Os peixinhos fisgados eram cuidadosamente colocados num ramalhete, semelhante a uma fieira, que era arrancado junto ao mato, passava-se o galho da planta por uma das guelras e puxava pela boca do peixe, os quais seriam orgulhosamente expostos na varanda da casa, onde ficava o fogão a lenha. Cada peixinho daquele tinha sua história, seu grau de dificuldade, peculiaridades na luta travada com o pescador etc. Ao chegarmos na velha casa da roça, contaríamos a todos os nossos causos, que seriam ouvidos com entusiasmo pelas pessoas da casa. Lá, a vovó recolhia os espólios da pescaria, nós ajudaríamos a limpar, retirando as vísceras e as escamas com uma faca. Do resto a velha se encarregava, salgando e salpicando fubá nos peixinhos até que estivessem prontos para serem fritos e degustados. Deste delicioso banquete só restariam as espinhas.

Quando se encerrava a pesca nos banhávamos no ribeirão, mergulhávamos e tentávamos nadar naquelas águas rasas onde os braços e pernas ficavam presos no cascalho e disputávamos quem prendia a respiração por mais tempo debaixo d'água.




Já era tardinha, o sol começava a se pôr, o corpo molhado nos fazia sentir frio. Era hora de voltar para casa. O retorno não era tão empolgante quanto o caminho feito para vir a ponte, por mais belo que fosse o pôr do sol, havia tristeza no recolher das aves e no silêncio fúnebre que vinha da capoeira. 

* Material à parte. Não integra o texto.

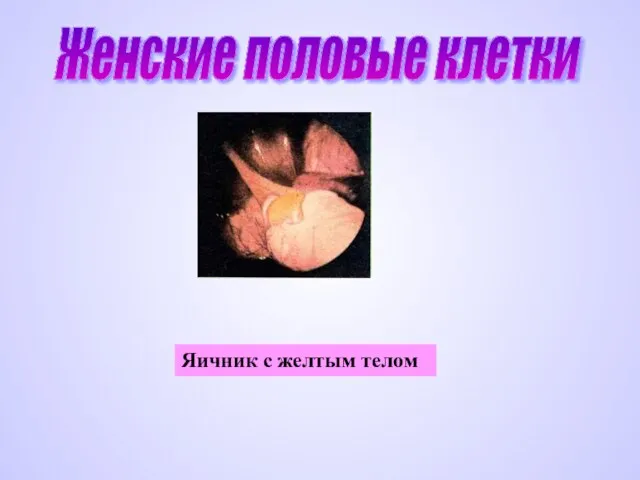 Женские половые клетки Яичник с желтым телом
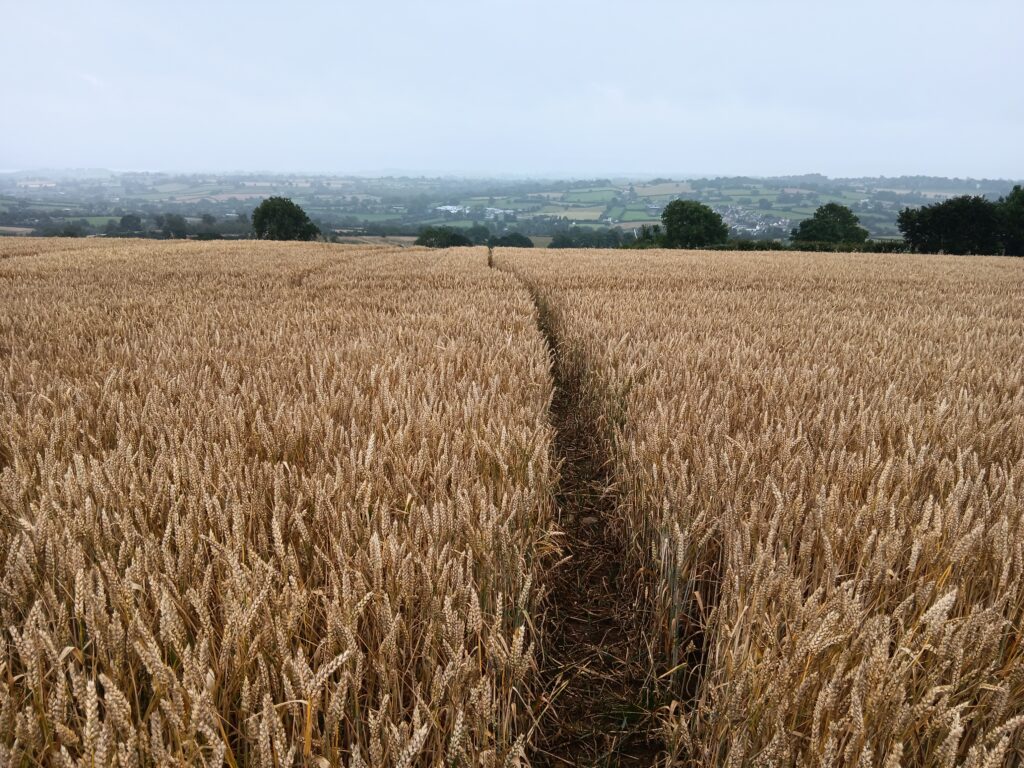 Weg durchs Feld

Era algo deprimente, que permanecia oculto de dia e só se manifestava com o cair da noite. Mas isso não importava tanto para nós, os sentimentos sorumbáticos e melancólicos rapidamente se dissipavam, afinal, sabíamos que no dia seguinte teríamos uma nova chance de fisgar a danada daquela traíra.
E nós amávamos aquela doce aventura na roça.